Raven shrugged. “Writers who are friends tend to assist one another. I’m not sure I would term it collaboration, though. The writing was clearly nothing I created.”

Cristina sipped from her drink again. Then she sat in silence considering what Raven had just revealed, not really knowing how to respond. Now it made sense to Cristina, how the anonymously submitted story could be attributed to Hunter but not bear his signature style. Raven allowed readers to believe the work was his, even using his considerable wealth and influence to see that the books were published in the manner the author required.

From the kitchen, Dom emerged, wheeling a tray of bowls that were the first course of the meal for the evening. It seemed a veritable feast was forthcoming, worthy of visitors far more important that Cristina or Alix believed they were. Even so Dom catered, coddled and pampered as course after course was delivered. The conversation continued throughout dinner but turned toward much lighter matters.

Raven ranted about the local government’s penchant for spending his tax dollars accomplishing virtually nothing of any merit except for the public transit system. He allowed that Starport was one of the few things the city was doing just about right.

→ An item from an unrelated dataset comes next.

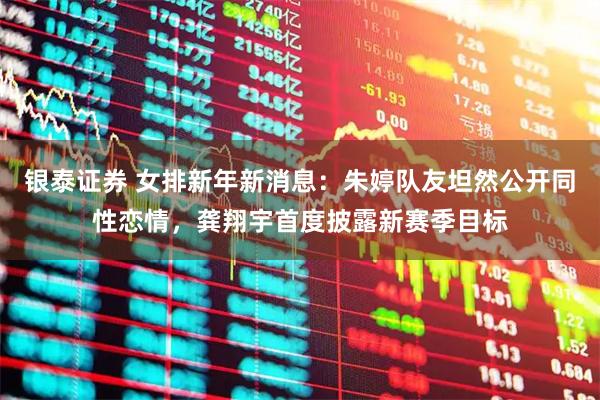 银泰证券 女排新年新消息：朱婷队友坦然公开同性恋情，龚翔宇首度披露新赛季目标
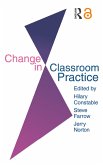 Change In Classroom Practice (eBook, ePUB)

When the meal and the conversation concluded Raven stood, bidding his guests a good night’s sleep. Based on what he heard from Cristina and Alix, they were soon to be fugitives sought in Andromeda even if they were already in Star City. They had a few hours perhaps to set things on a different course. Really, it all depended on finding Paul before the authorities could.

Perhaps they should be out seeking him but the exertions of the day, the bath, the meal and the drinks combined to give them a strong and urgent desire to sleep.

And so that was exactly what they did, safe in Raven’s residence, on the night before they were expected.